Using the Oracle 11GR2 database flash cache
Oracle just released a patch which allows you to use the database flash cache on Oracle Enterprise Linux even if you don't have exadata storage. The patch is the obscurely named:
- 8974084:META BUG FOR FLASH CACHE 11.2PL BUGS TO BACKPORT TO 11.2.0.1 OEL
Once you install the patch you can use any old flash device as a database flash cache. Below I've documented some initial dabbling on a very old server and a cheap usb flash device. The results are not representative of the performance you'd get on quality hardware, but are still interesting, I think.
Setup and configuration
If, like me, you just want to experiment using an USB flash device, then you first need to get that device mounted. On my test machine I created a directory "/mnt/usbflash" then created an /etc/fstab entry like this:
/dev/sda1 /mnt/usbflash vfat noauto,users,rw,umask=0 0 0
On your system you might need to change "/dev/sda1" to another device depending on how your fixed disks are configured. You should then be able to mount the flashdrive by typiing "mount /dev/sda1". Make sure that the mount point is writable by oracle (chmod 777 /mnt/usbflash).

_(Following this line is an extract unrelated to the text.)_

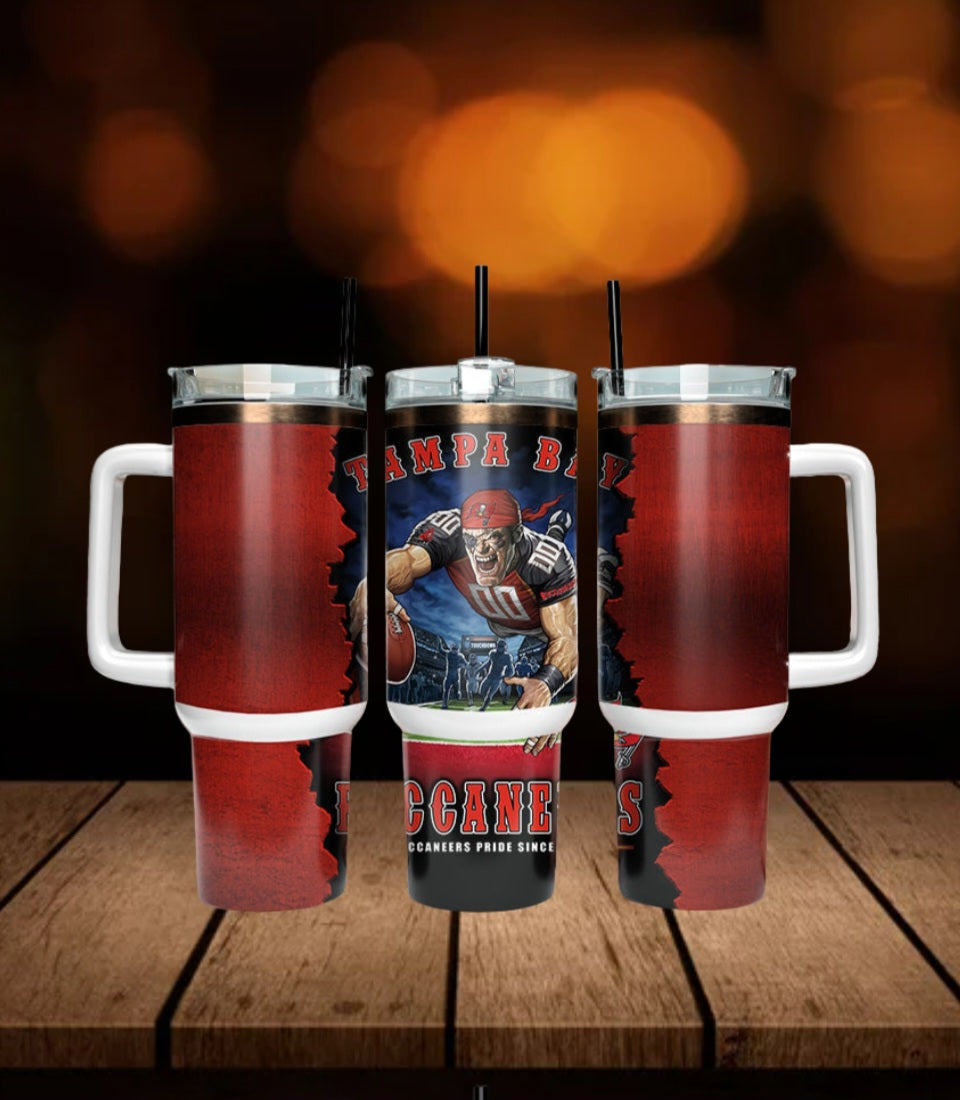 40oz  Buccaneers inspired Tumbler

Once mounted, you configure the flash cache by setting the parameters DB_FLASH_CACHE_FILE and DB_FLASH_CACHE_SIZE. My settings are shown below:
Note that the value of DB_FLASH_CACHE_FILE needs to be a file on the flash drive, not the flash drive mount point itself.
Once these parameters are set, the flash cache will be enabled and will act as a secondary cache to the buffer cache. When a block is removed from the primary cache, it will still exist in the flash cache, and can be read back without a physical read to the spinning disk.
Monitoring
There's a few ways to examine how the flash cache is being used. Firstly, V$SYSSTAT contains some new statistics showing the number of blocks added to the cache and the number of "hits" that were satisfied from cache (script here):
Some new wait events are now visible showing the waits incurred when adding or reading from the flash cache. Below we see that 'db flash' waits are higher than 'db file sequential read', though reads from the flash cache are much quicker than reads from disk (but there are a lot more of them):
Now, remember that I could not have picked worst hardware for this test - an old two CPU intel box and a cheap thumb drive. Even so, it's remarkable how high the write overhead is in comparison to the total time. Although the flash reads save time when compared to db file sequential reads, the overhead of maintaining the cache can be high because flash based SSD has a relatively severe write penalty.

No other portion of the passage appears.